To do
The entries below must be transcribed exactly. Leave nothing out.

Data records
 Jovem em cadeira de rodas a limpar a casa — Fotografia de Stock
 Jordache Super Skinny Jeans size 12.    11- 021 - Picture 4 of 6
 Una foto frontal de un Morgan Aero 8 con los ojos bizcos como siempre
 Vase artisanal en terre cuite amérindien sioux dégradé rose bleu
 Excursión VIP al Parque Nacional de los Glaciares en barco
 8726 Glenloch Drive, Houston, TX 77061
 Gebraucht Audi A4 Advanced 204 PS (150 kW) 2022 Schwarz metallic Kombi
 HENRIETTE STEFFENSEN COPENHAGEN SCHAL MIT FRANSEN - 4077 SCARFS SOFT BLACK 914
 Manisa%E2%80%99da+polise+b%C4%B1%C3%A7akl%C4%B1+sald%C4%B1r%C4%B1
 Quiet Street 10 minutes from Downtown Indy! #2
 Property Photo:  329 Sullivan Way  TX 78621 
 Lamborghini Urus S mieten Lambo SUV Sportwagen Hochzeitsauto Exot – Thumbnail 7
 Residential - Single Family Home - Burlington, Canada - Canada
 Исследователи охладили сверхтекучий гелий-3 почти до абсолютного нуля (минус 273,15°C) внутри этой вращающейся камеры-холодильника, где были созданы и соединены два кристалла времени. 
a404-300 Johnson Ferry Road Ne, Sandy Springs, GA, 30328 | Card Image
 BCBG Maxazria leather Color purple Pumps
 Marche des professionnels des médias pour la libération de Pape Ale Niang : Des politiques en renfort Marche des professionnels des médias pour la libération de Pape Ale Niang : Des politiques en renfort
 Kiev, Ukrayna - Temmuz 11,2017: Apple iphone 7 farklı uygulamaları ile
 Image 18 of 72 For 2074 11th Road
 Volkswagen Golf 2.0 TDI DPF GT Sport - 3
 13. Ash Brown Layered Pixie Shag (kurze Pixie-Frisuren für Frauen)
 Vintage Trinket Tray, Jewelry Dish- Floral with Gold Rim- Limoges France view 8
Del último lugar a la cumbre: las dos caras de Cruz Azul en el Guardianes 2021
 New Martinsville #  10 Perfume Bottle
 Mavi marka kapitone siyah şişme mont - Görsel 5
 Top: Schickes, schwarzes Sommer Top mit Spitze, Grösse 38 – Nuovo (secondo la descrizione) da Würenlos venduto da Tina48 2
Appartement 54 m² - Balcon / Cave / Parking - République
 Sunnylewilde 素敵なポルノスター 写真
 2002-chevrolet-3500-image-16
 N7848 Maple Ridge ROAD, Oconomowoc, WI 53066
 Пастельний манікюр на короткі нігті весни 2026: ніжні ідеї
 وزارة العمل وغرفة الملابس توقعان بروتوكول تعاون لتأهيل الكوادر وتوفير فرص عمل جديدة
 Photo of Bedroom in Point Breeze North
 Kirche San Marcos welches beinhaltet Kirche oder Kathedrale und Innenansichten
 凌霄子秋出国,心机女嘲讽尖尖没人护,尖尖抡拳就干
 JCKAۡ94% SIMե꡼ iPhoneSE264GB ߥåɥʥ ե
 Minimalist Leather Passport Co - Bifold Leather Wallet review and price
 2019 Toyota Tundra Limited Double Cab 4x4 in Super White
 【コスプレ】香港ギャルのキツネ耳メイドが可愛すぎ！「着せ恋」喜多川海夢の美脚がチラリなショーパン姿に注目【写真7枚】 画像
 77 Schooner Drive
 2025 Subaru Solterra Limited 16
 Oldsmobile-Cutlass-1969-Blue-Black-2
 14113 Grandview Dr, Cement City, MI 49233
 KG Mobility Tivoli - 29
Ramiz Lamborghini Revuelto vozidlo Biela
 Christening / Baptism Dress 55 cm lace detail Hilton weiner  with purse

Expected output
 Jovem em cadeira de rodas a limpar a casa — Fotografia de Stock
 Jordache Super Skinny Jeans size 12.    11- 021 - Picture 4 of 6
 Una foto frontal de un Morgan Aero 8 con los ojos bizcos como siempre
 Vase artisanal en terre cuite amérindien sioux dégradé rose bleu
 Excursión VIP al Parque Nacional de los Glaciares en barco
 8726 Glenloch Drive, Houston, TX 77061
 Gebraucht Audi A4 Advanced 204 PS (150 kW) 2022 Schwarz metallic Kombi
 HENRIETTE STEFFENSEN COPENHAGEN SCHAL MIT FRANSEN - 4077 SCARFS SOFT BLACK 914
 Manisa%E2%80%99da+polise+b%C4%B1%C3%A7akl%C4%B1+sald%C4%B1r%C4%B1
 Quiet Street 10 minutes from Downtown Indy! #2
 Property Photo:  329 Sullivan Way  TX 78621 
 Lamborghini Urus S mieten Lambo SUV Sportwagen Hochzeitsauto Exot – Thumbnail 7
 Residential - Single Family Home - Burlington, Canada - Canada
 Исследователи охладили сверхтекучий гелий-3 почти до абсолютного нуля (минус 273,15°C) внутри этой вращающейся камеры-холодильника, где были созданы и соединены два кристалла времени. 
a404-300 Johnson Ferry Road Ne, Sandy Springs, GA, 30328 | Card Image
 BCBG Maxazria leather Color purple Pumps
 Marche des professionnels des médias pour la libération de Pape Ale Niang : Des politiques en renfort Marche des professionnels des médias pour la libération de Pape Ale Niang : Des politiques en renfort
 Kiev, Ukrayna - Temmuz 11,2017: Apple iphone 7 farklı uygulamaları ile
 Image 18 of 72 For 2074 11th Road
 Volkswagen Golf 2.0 TDI DPF GT Sport - 3
 13. Ash Brown Layered Pixie Shag (kurze Pixie-Frisuren für Frauen)
 Vintage Trinket Tray, Jewelry Dish- Floral with Gold Rim- Limoges France view 8
Del último lugar a la cumbre: las dos caras de Cruz Azul en el Guardianes 2021
 New Martinsville #  10 Perfume Bottle
 Mavi marka kapitone siyah şişme mont - Görsel 5
 Top: Schickes, schwarzes Sommer Top mit Spitze, Grösse 38 – Nuovo (secondo la descrizione) da Würenlos venduto da Tina48 2
Appartement 54 m² - Balcon / Cave / Parking - République
 Sunnylewilde 素敵なポルノスター 写真
 2002-chevrolet-3500-image-16
 N7848 Maple Ridge ROAD, Oconomowoc, WI 53066
 Пастельний манікюр на короткі нігті весни 2026: ніжні ідеї
 وزارة العمل وغرفة الملابس توقعان بروتوكول تعاون لتأهيل الكوادر وتوفير فرص عمل جديدة
 Photo of Bedroom in Point Breeze North
 Kirche San Marcos welches beinhaltet Kirche oder Kathedrale und Innenansichten
 凌霄子秋出国,心机女嘲讽尖尖没人护,尖尖抡拳就干
 JCKAۡ94% SIMե꡼ iPhoneSE264GB ߥåɥʥ ե
 Minimalist Leather Passport Co - Bifold Leather Wallet review and price
 2019 Toyota Tundra Limited Double Cab 4x4 in Super White
 【コスプレ】香港ギャルのキツネ耳メイドが可愛すぎ！「着せ恋」喜多川海夢の美脚がチラリなショーパン姿に注目【写真7枚】 画像
 77 Schooner Drive
 2025 Subaru Solterra Limited 16
 Oldsmobile-Cutlass-1969-Blue-Black-2
 14113 Grandview Dr, Cement City, MI 49233
 KG Mobility Tivoli - 29
Ramiz Lamborghini Revuelto vozidlo Biela
 Christening / Baptism Dress 55 cm lace detail Hilton weiner  with purse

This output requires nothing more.